To be admissible in the context of contractual interpretation, evidence of subsequent conduct must not needlessly extend the proceedings. Otherwise, the evidence will be excluded pursuant to Section 8 of the Evidence Act. No similar requirement exists in international law.
From the ILC to the NZSC
The ILC’s work could add layers to the NZSC’s dimensions of subsequent conduct:
- The ILC recognises that subsequent practice does not need to be joint conduct. Parallel conduct by the parties may be enough, although it must be a sufficient common understanding as to the interpretation of the treaty. A common understanding requires mutual awareness of such understanding.

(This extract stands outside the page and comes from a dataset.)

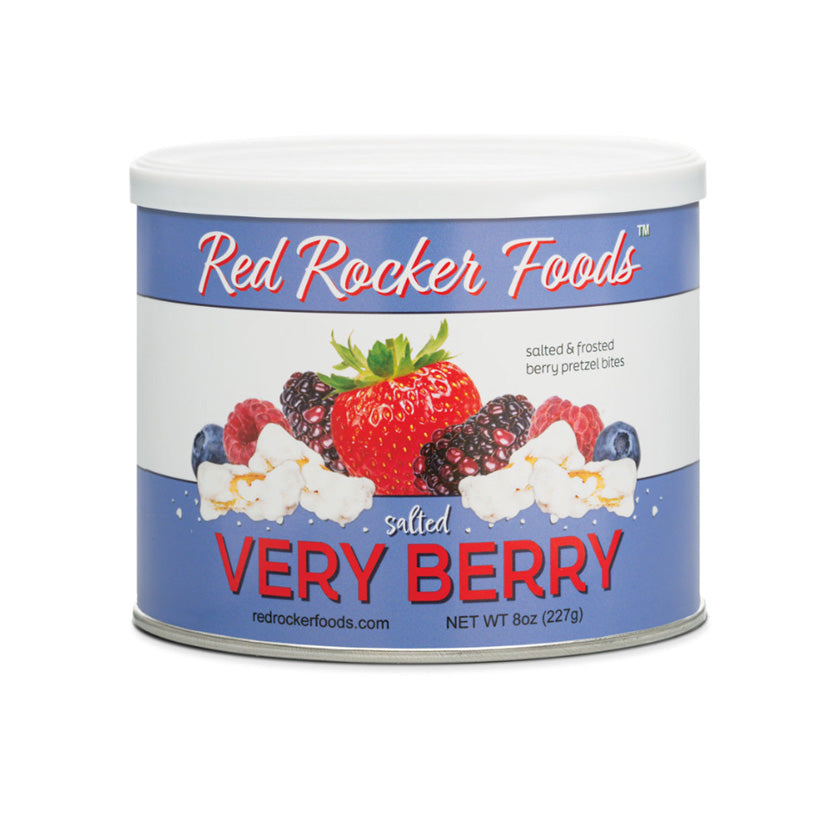 Red Rocker Candy - Salted & Frosted Pretzel Bites - Salted Wild Berry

- What if there is equivocal conduct? It will sometimes preclude the existence of an agreement, but interpreters should delve deeper into the analysis and evaluate if the treaty provision (or contract clause) accords discretion to the parties. If this is the case, what appears as equivocal conduct is not a conflict of perspectives on the content of the given provision but different exercises of the discretion the precept grants. Moreover, temporary differences of opinion do not mean that the difference is permanent and that no agreement exists.

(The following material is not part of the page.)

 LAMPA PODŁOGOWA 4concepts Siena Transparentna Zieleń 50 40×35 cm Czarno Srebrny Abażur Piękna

- The ILC also explores the issue of a difference of opinion which arises after a subsequent agreement on interpretation has been established under art 31. In the event of a common understanding based on subsequent practice, the ILC is of the view that the rejection by one party undermines the weight attached to the practice, but only after the beginning of the disagreement.

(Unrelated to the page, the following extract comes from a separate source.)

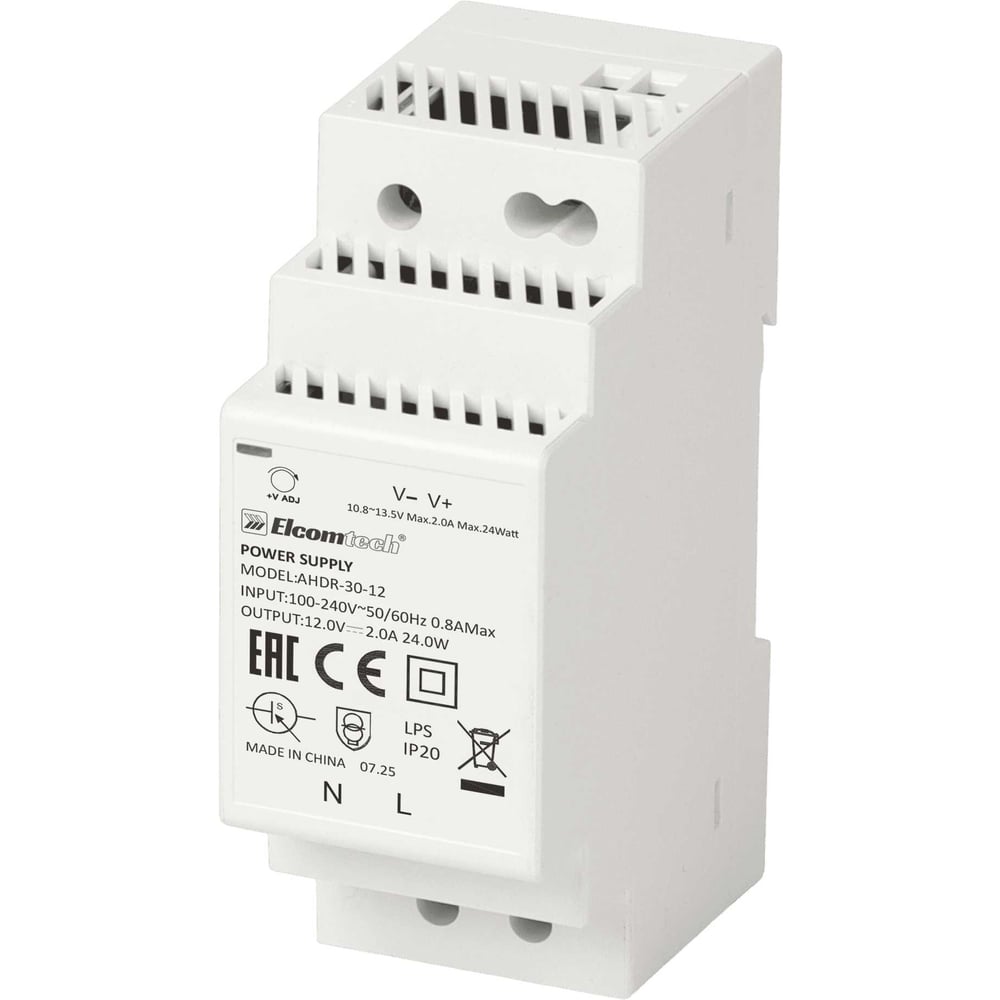 Изображение товара Блок питания ELCOMTECH A HDR-30-12 AC/DC на DIN рейку 24W 12V 2A 2х модуль УТ-00039975 Изображение товара Блок питания ELCOMTECH A HDR-30-12 AC/DC на DIN рейку 24W 12V 2A 2х модуль УТ-00039975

- The ILC also deals with the weight conferred to subsequent practice in the interpretation process, a topic Bathurst v L & M touches upon. The ILC states that weight depends on clarity, specificity, and repetition. Furthermore, the ILC uses the expression “whether and how” the practice is repeated. The ILC finds two standards regarding repetition. One is supported by the WTO Appellate Body, which demands a concordant, common and consistent subsequent practice. A second, more flexible standard is applied by the ICJ. The ILC prefers the latter, for there is no evidence that the Appellate Body’s approach is a well-established minimum threshold for a subsequent practice to be used under art 31.3(b). The NZSC could explore the criteria concerning weight and the standards on repetition.
- Finally, the ILC assesses the possible effects of subsequent practices under art 31. The first is to help interpreters identify the ordinary meaning of a particular term. The term might have different possible meanings with broader or narrower implications. An international court or tribunal may have preliminarily chosen one, and the use of subsequent agreements and practices under art 31 may confirm the choice made. Secondly, treaties may have a variety of objects and purposes. Additionally, there may be general objects and purposes of a treaty, but certain provisions may have also a specific object and purpose. The use of subsequent agreements and subsequent practice can help courts and tribunals clarify the object and purpose that is more relevant to the precept being interpreted. This analysis can equally apply to the assessment of the background knowledge in contract interpretation.
From the NZSC to the ILC
Subsequent conduct contradicting the party’s interpretation in judicial proceedings merits a comment. This class of non-mutual subsequent conduct was relevant in Bathurst v L & M but is rarely mentioned by the ILC, though it should have been. It is not subsequent practice under art 31(3)(a) or (b) but could only be so under art 32, which is not the appropriate fit for this practice. International courts and tribunals routinely assess it under art 31(1).
In summary, the ILC has made an important contribution to the conceptualization of subsequent practice within the interpretation of treaties, on which the NZSC and other domestic courts could draw on for the interpretation of contracts.